Tindakan-tindakan derma yang praktis
mempunyai nilai hanya jika keluar dari rasa cinta dan tidak dari motif-motif
yang lain. Dalam hal ini, juga, kewajiban kita dapat berbentuk berbagai macam,
berujud jenjang yang wajar; sanak keluarga kita, anak-anak yatim (termasuk
siapa saja yang tidak punya topangan hidup atau bantuan); orang yang
benar-benar memerlukan pertolongan tetapi tidak pernah meminta (kewajiban kita
menemukan mereka itu), dan mereka didahulukan sebelum orang yang meminta, dan
memang berhak untuk meminta, yakni, bukan sekedar pengemis yang malas tetapi
orang yang memerlukan bantuan kita dalam bentuk tertentu (kewajiban kita untuk
tanggap kepada mereka); dan budak-budak (kita harus melakukan apa saja yang
dapat kita lakukan untuk memberi atau membeli kemerdekaan mereka). Perbudakan
mengandung berbagai bentuk yang tersembunyi dan berbahaya dan semuanya tercakup
di situ.
Dalam menafsir firman itu, Muhammad Asad menegaskan bahwa al-Qur'an
menekankan prinsip yang semata-mata mengikuti bentuk-bentuk lahiriah tidaklah
memenuhi persyaratan kebajikan. Disebutnya masalah menghadapkan wajah ke arah
ini atau itu dalam sembahyang adalah kelanjutan dari pembahasan tentang kiblat
dalam urutan ayat-ayat sebelumnya.Dan memang menghadapkan muka ke arah tertentu
dalam ibadat hanyalah bentuk formal, lahiriah semata dari sebuah amalan,
sehingga tidak seharusnya dipandang dalam kerangka sebagai tujuan dalam dirinya
sendiri sementara tujuan yang sebenarnya terlupakan.
Jadi,
agama kita mengajarkan bahwa formalitas ritual
belaka tidaklah cukup sebagai
wujud keagamaan yang benar. Karena itu juga tidak pula segi-segi lahiriah itu
akan menghantarkan kita
menuju kebahagiaan,
sebelum kita mengisinya dengan hal-hal yang lebih
esensial. Justru sikap-sikap membatasi
diri hanya kepada hal-hal
ritualistik dan formal
akan sama dengan peniadaan tujuan agama yang hakiki.

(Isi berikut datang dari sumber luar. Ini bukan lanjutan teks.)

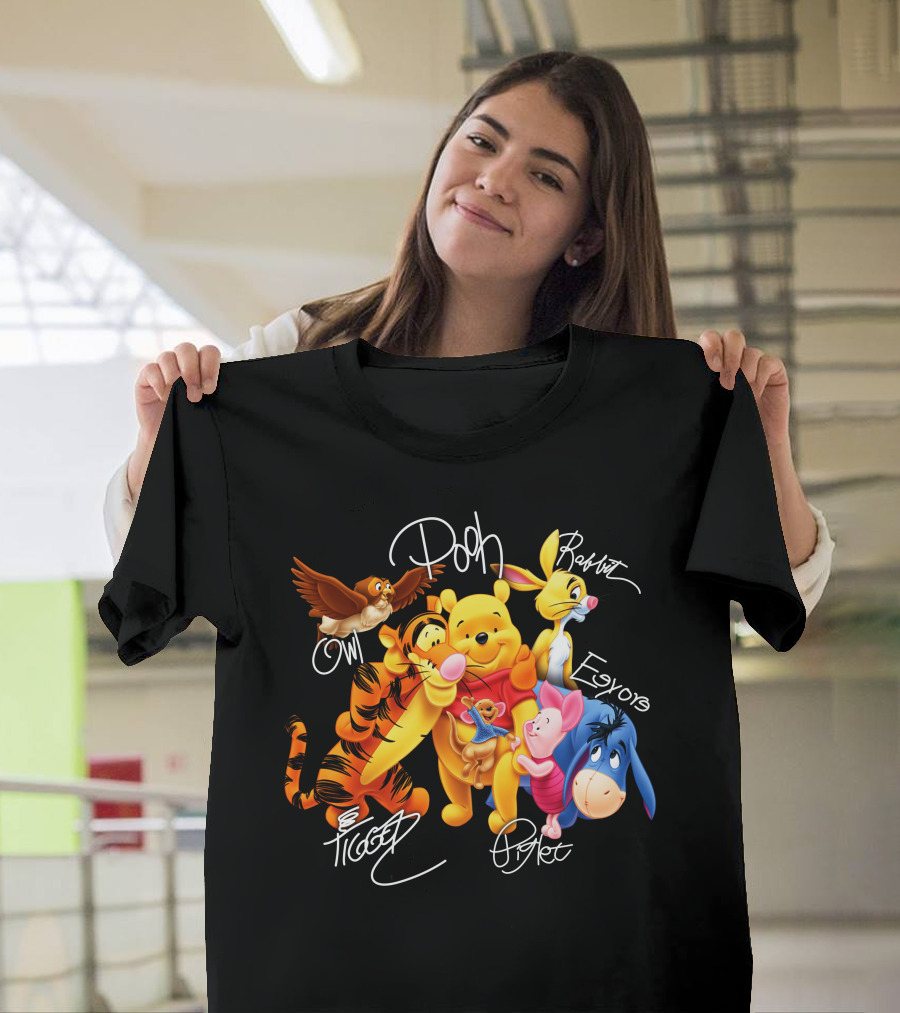 Pooh Tigger Piglet Eeyore Rabbit Owl Signature T-Shirt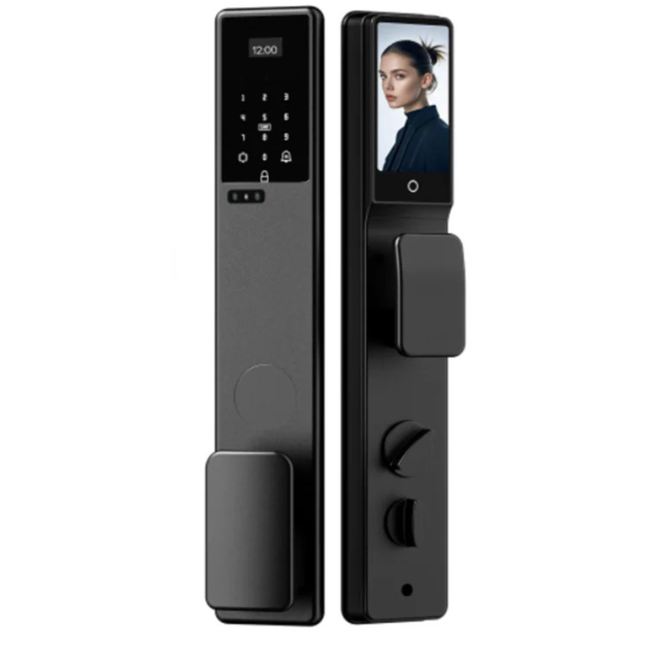 Smart Aluminium Alloy Door Lock with Face Recognition, Fingerprint, Password, Card and Key Access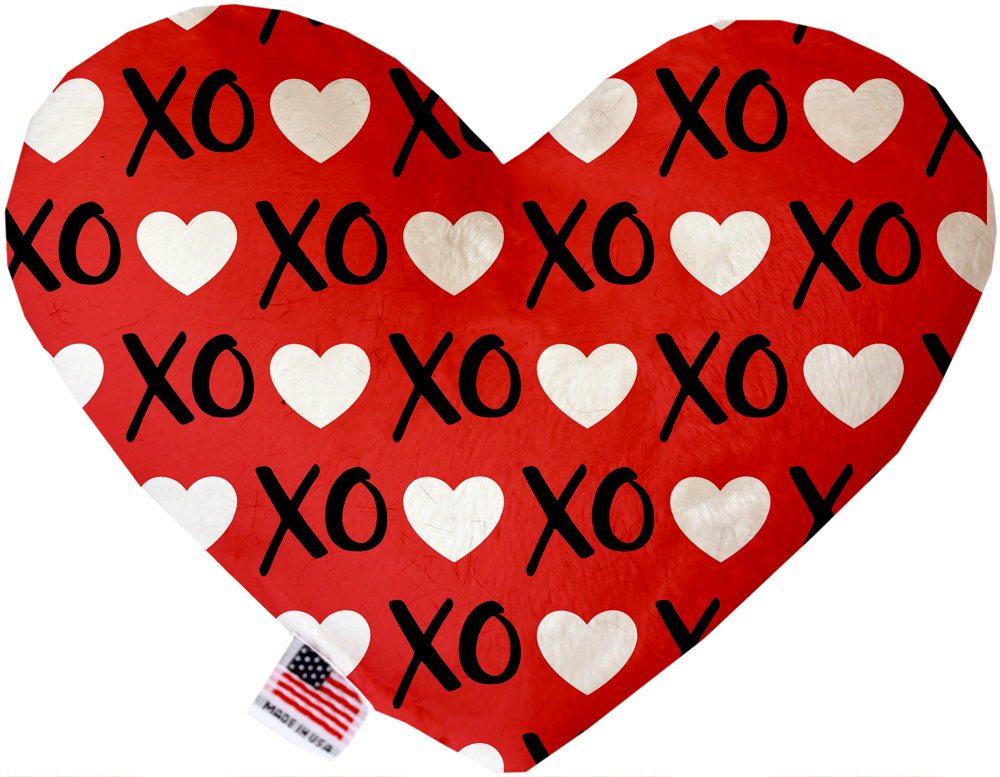 Red XOXO 8 inch Canvas Heart Dog Toy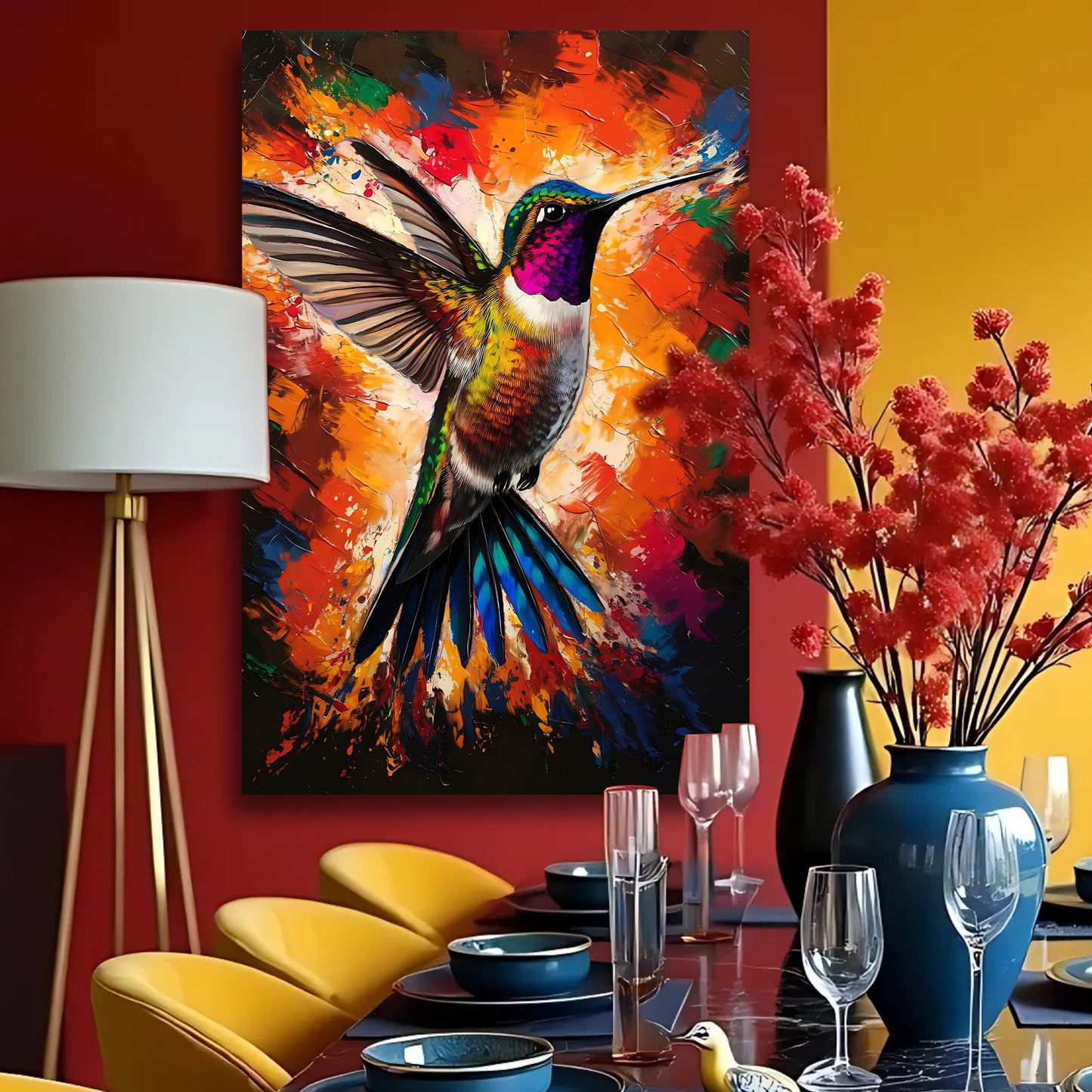 Humming Bird Abstract Wall Art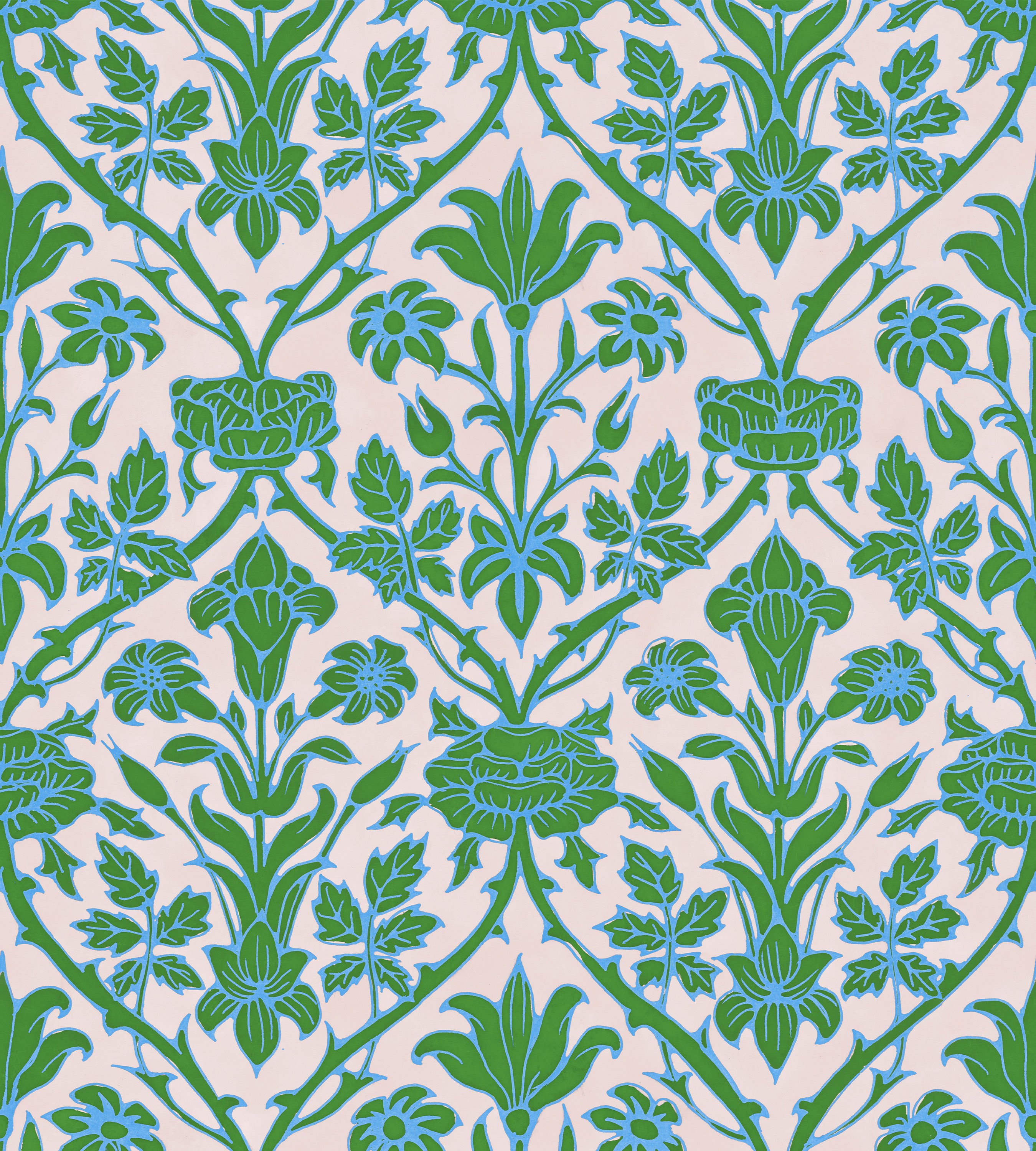 Trumpet Blooms Blue and Green Wallpaper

Prinsip ini dipertegas oleh Nabi saw dalam sebuah Hadits
mengenai dua wanita:
Abu Hurayrah meriwayatkan prinsip penting
yang diajarkan Nabi ini, yang memberi peringatan keras kepada orang yang suka
pamer kebajikan palsu dan kemunafikan dalam menekuni segi-segi forma keagamaan.
Seseorang yang datang kepada Nabi dan menceritakan tentang seorang wanita yang
rajin mengerjakan shalat, puasa dan zakat, tetapi lidahnya selalu menyakiti
sanak keluarganya. Maka Nabi saw bersabda, "Tempat dia di neraka!."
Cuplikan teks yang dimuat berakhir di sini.